Exercise prompt: Lines from the one holding "Pair of Vintage" through the end of the entries, inclusive, form the whole output; reproduce them exactly and omit pictures.

Data provided:

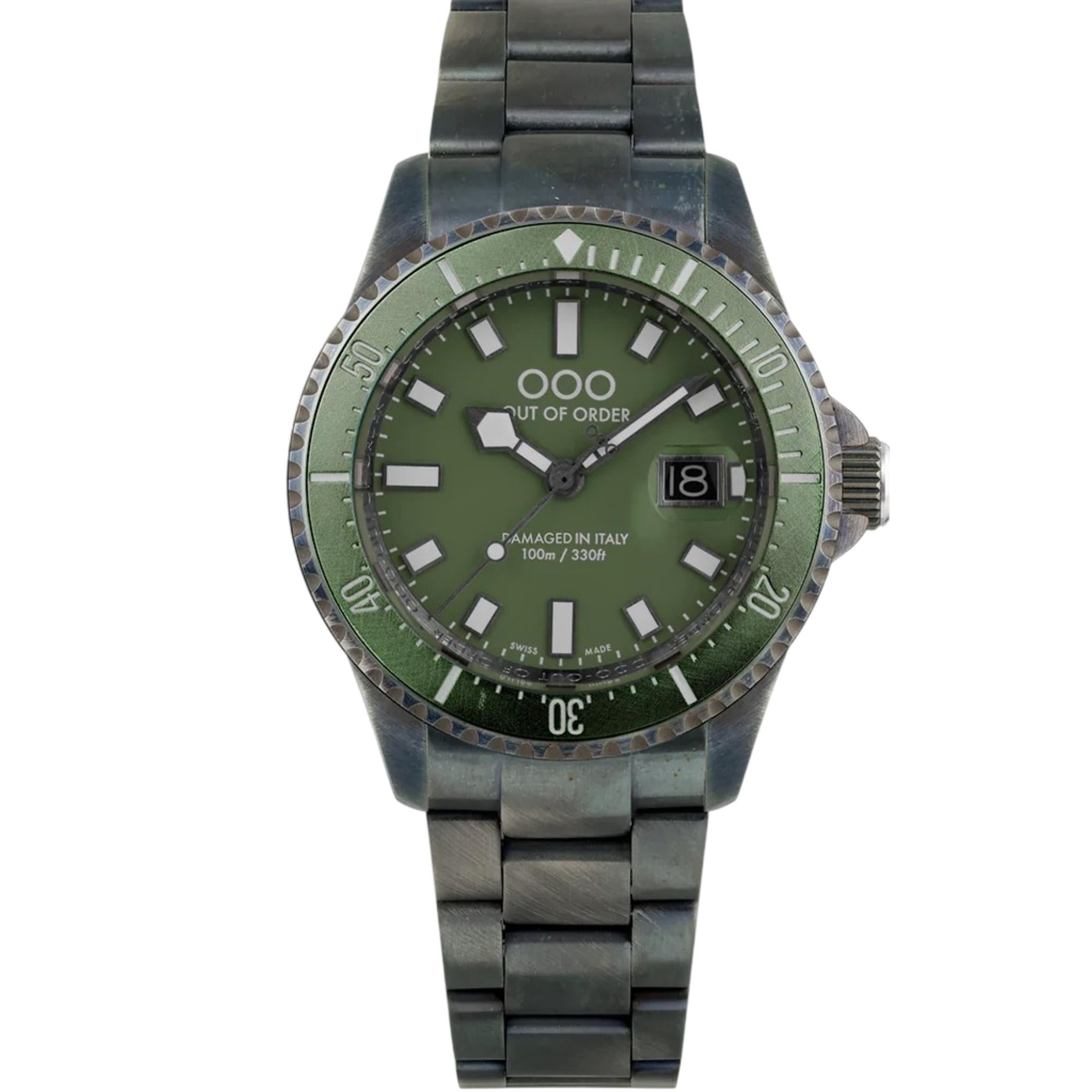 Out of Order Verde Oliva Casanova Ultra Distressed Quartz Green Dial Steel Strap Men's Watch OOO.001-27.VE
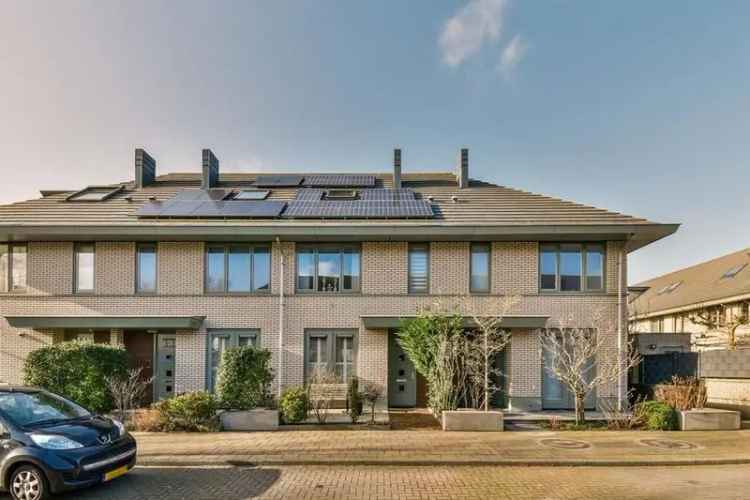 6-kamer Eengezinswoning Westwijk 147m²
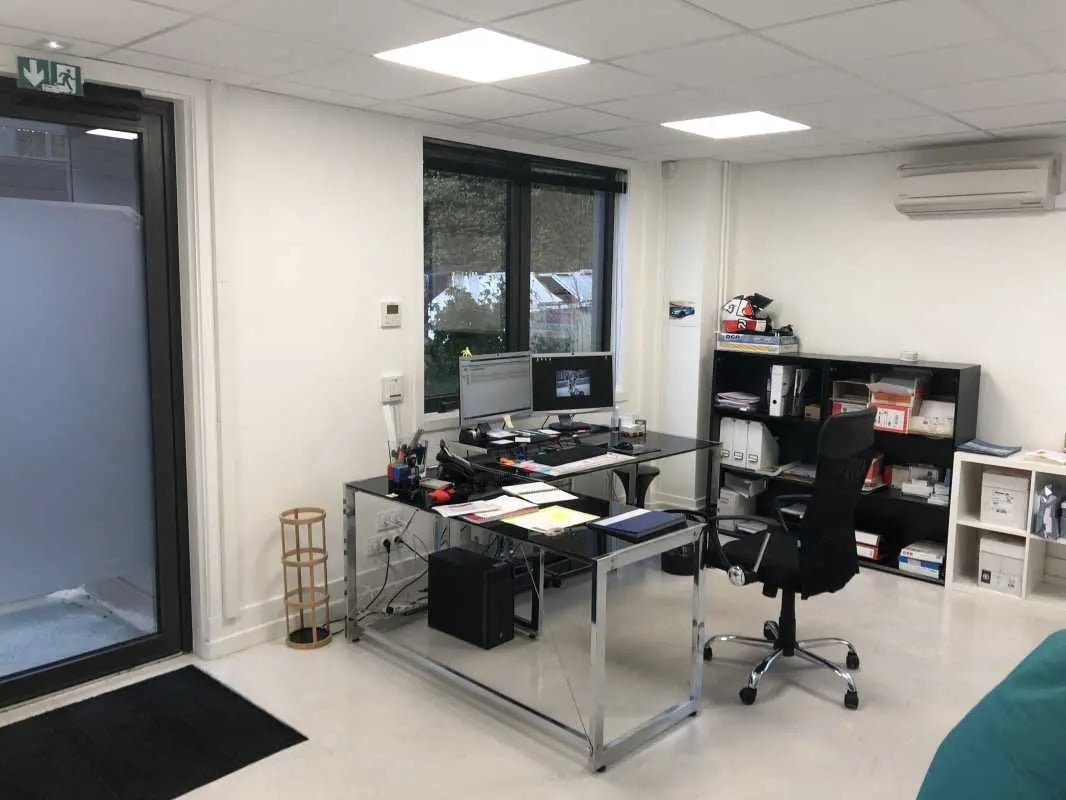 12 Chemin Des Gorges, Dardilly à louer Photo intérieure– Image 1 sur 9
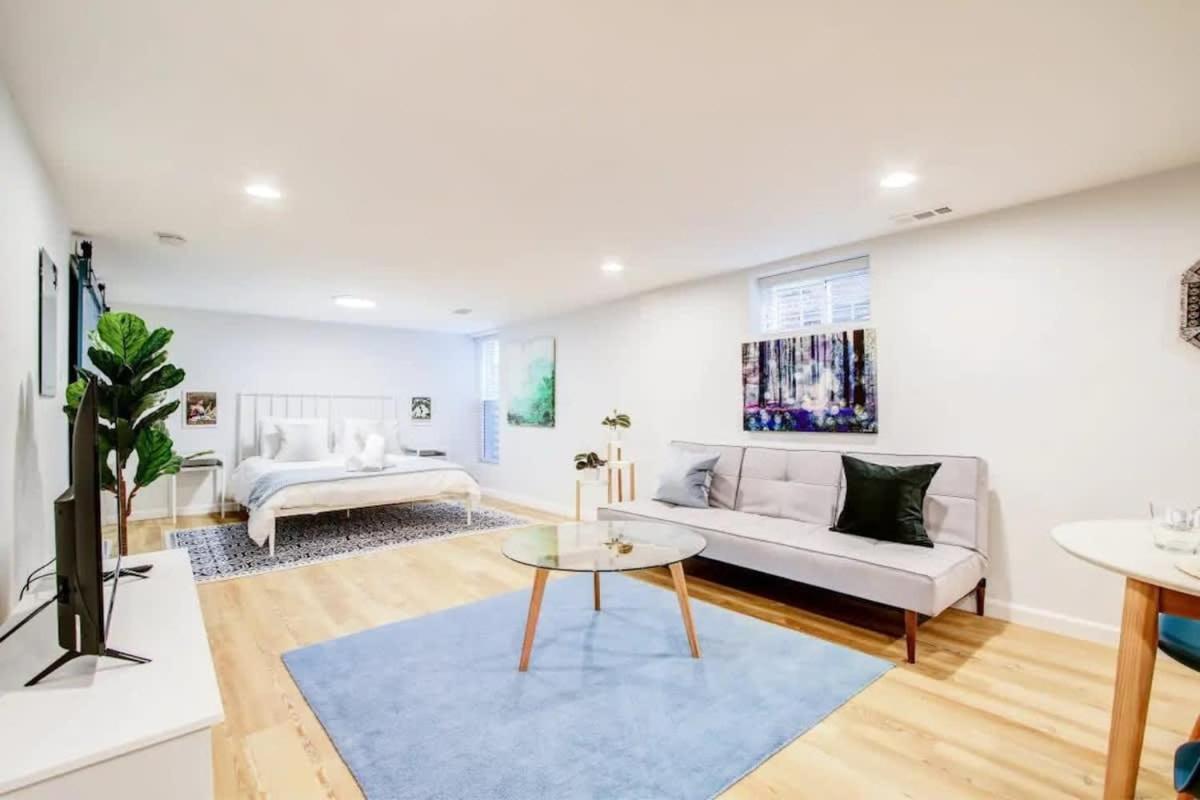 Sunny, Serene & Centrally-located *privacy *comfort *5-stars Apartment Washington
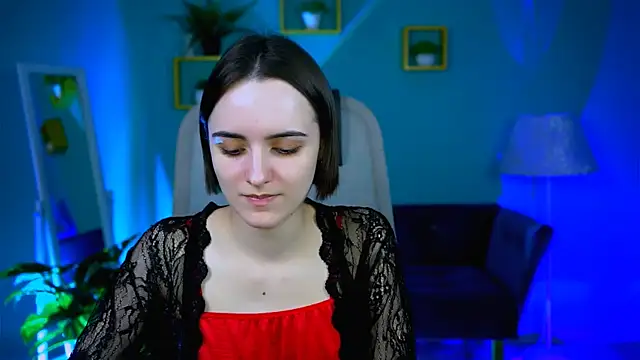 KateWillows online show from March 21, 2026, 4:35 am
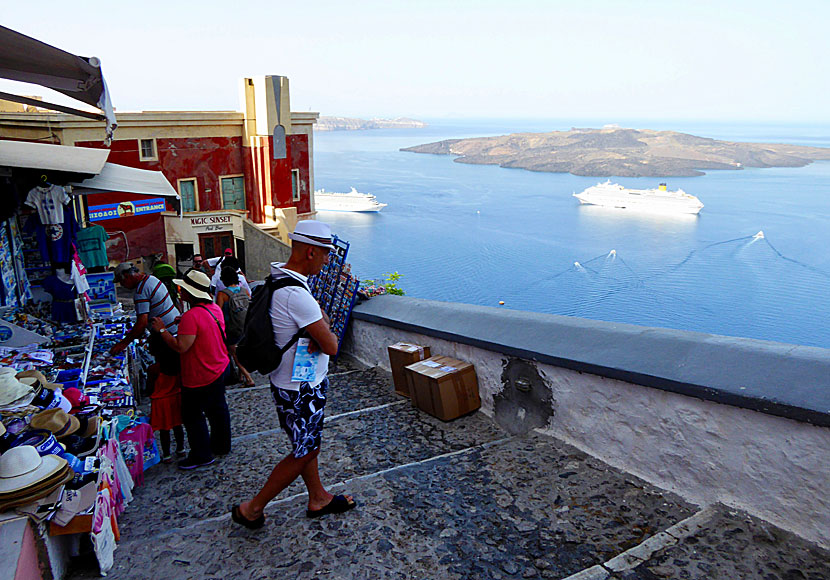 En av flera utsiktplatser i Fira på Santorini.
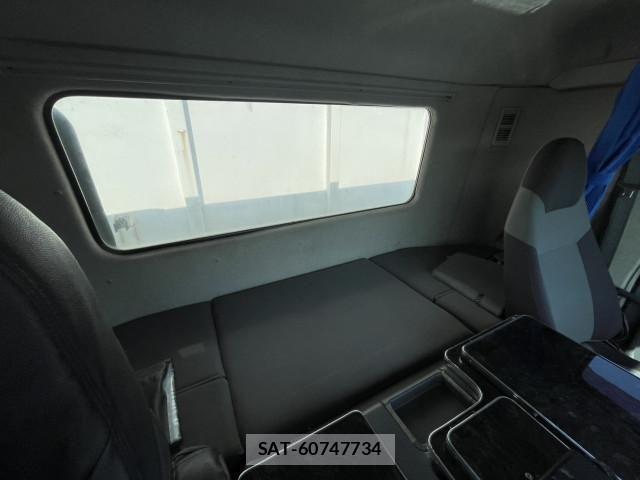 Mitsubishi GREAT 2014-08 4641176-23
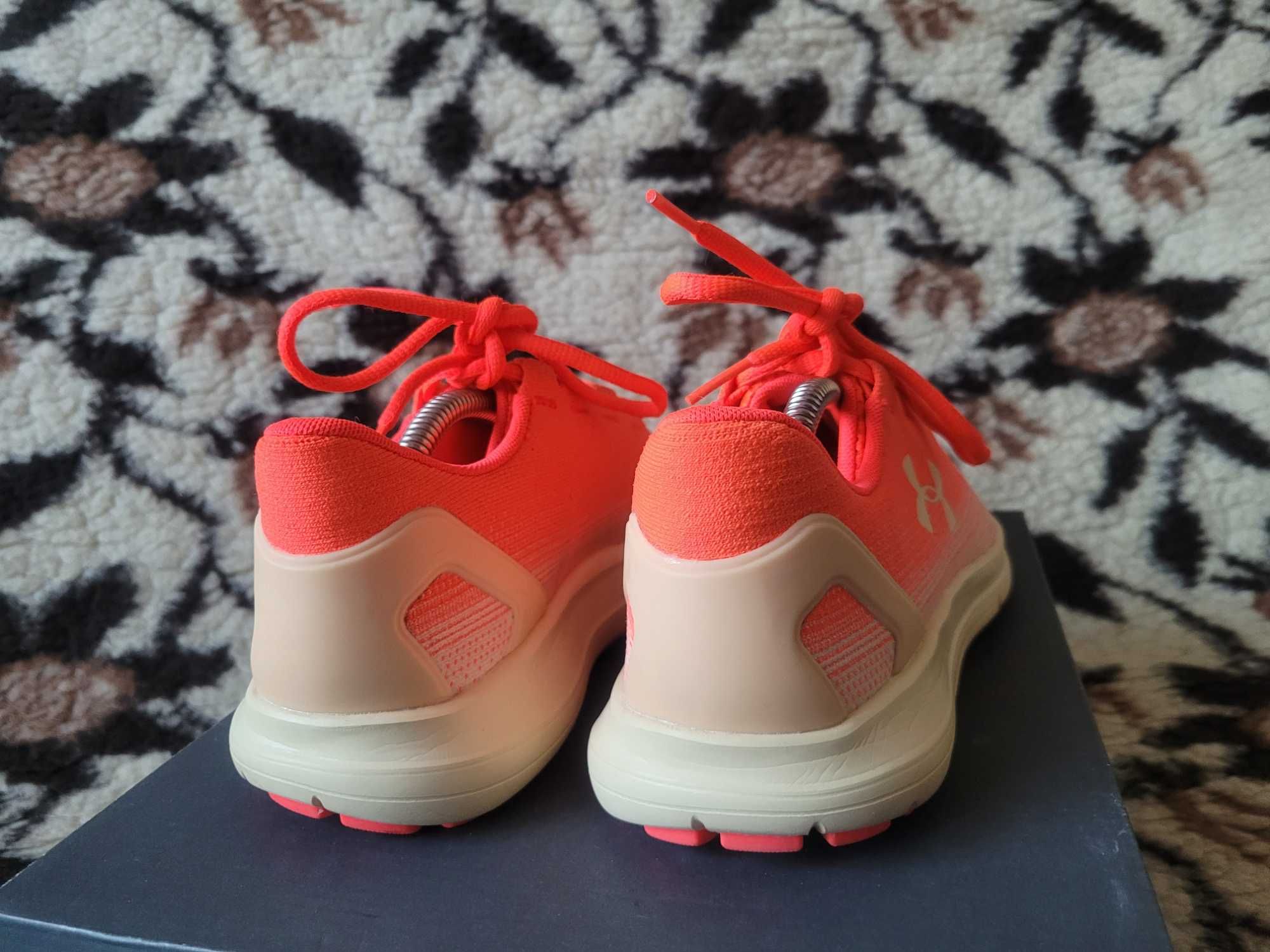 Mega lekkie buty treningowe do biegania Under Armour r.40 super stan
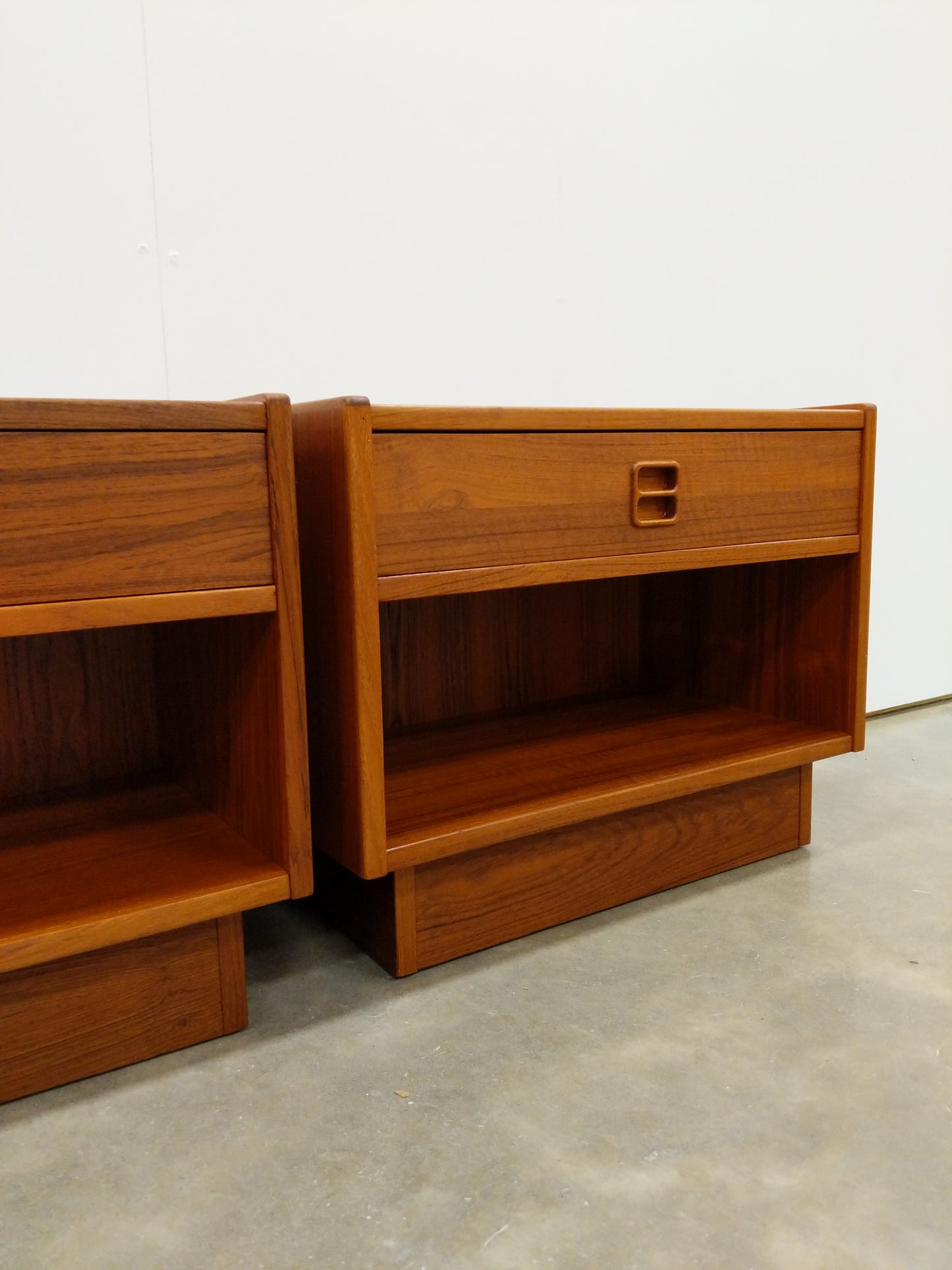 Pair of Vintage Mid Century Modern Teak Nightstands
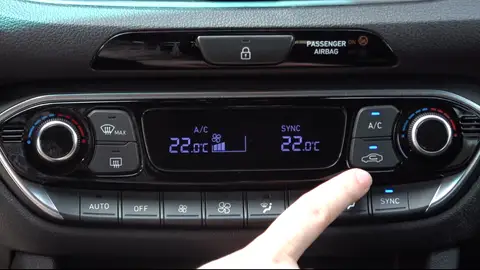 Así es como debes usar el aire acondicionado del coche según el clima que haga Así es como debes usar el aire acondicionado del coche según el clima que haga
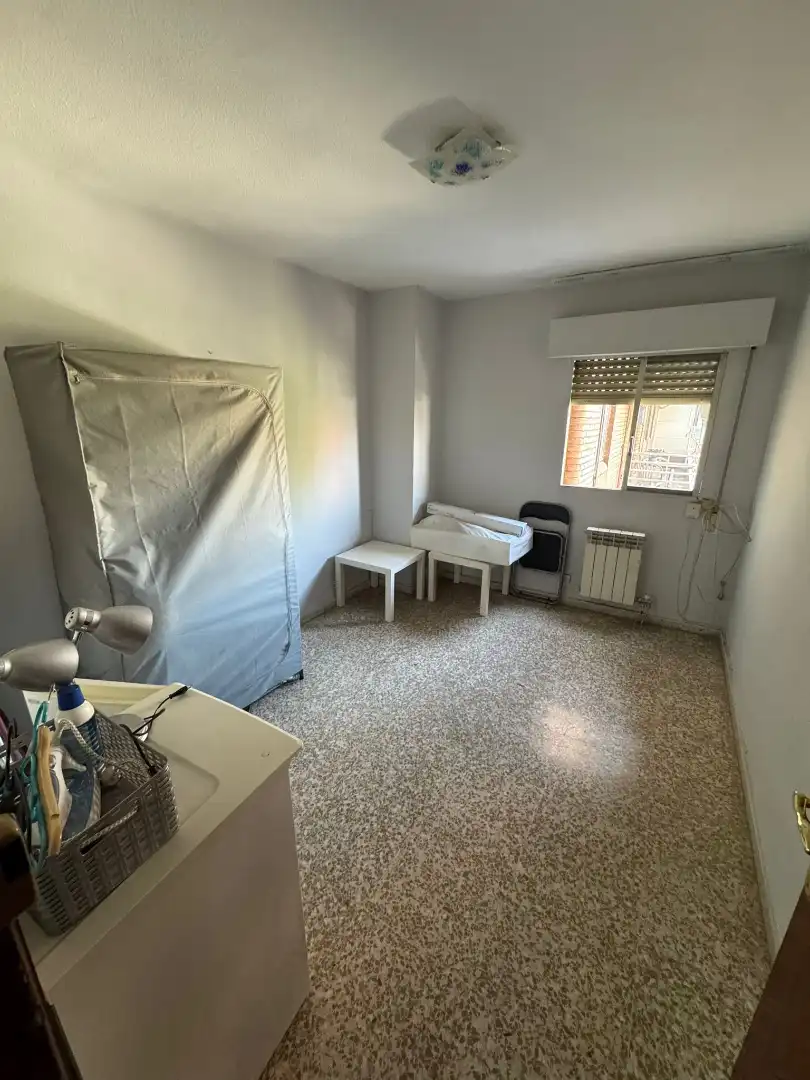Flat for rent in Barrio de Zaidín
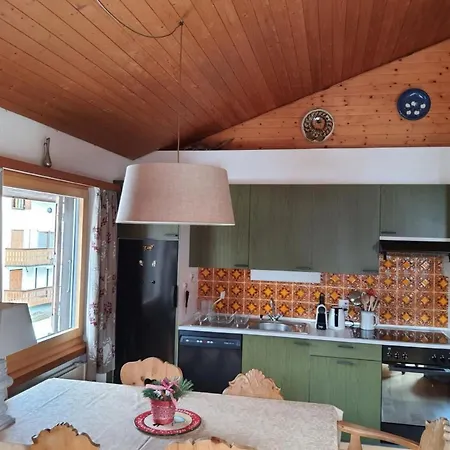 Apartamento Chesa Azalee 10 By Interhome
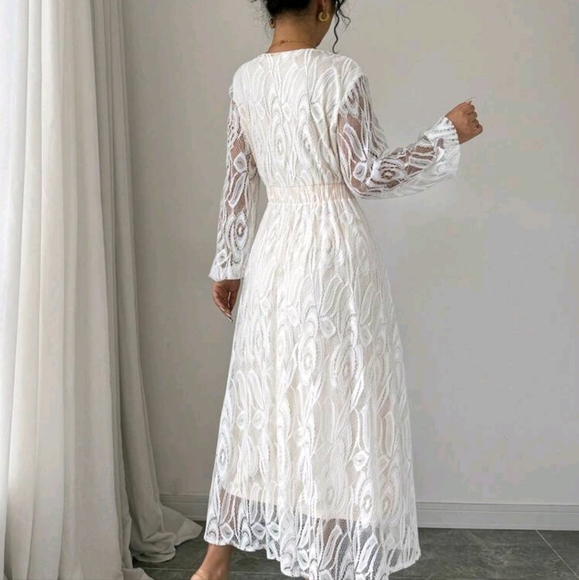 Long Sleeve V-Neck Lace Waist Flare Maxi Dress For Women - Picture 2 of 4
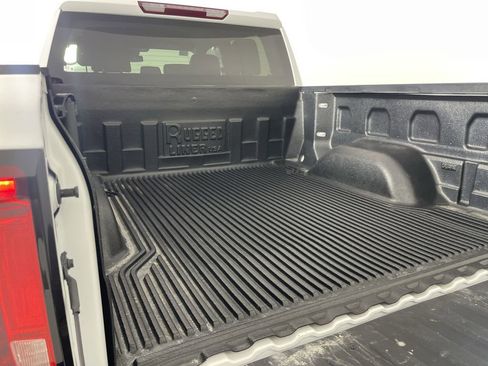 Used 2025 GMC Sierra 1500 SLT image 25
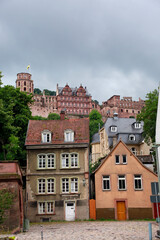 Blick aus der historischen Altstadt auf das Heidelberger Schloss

Reply to the exercise:
 Pair of Vintage Mid Century Modern Teak Nightstands
 Así es como debes usar el aire acondicionado del coche según el clima que haga Así es como debes usar el aire acondicionado del coche según el clima que haga
Flat for rent in Barrio de Zaidín
 Apartamento Chesa Azalee 10 By Interhome
 Long Sleeve V-Neck Lace Waist Flare Maxi Dress For Women - Picture 2 of 4
 Used 2025 GMC Sierra 1500 SLT image 25
 Blick aus der historischen Altstadt auf das Heidelberger Schloss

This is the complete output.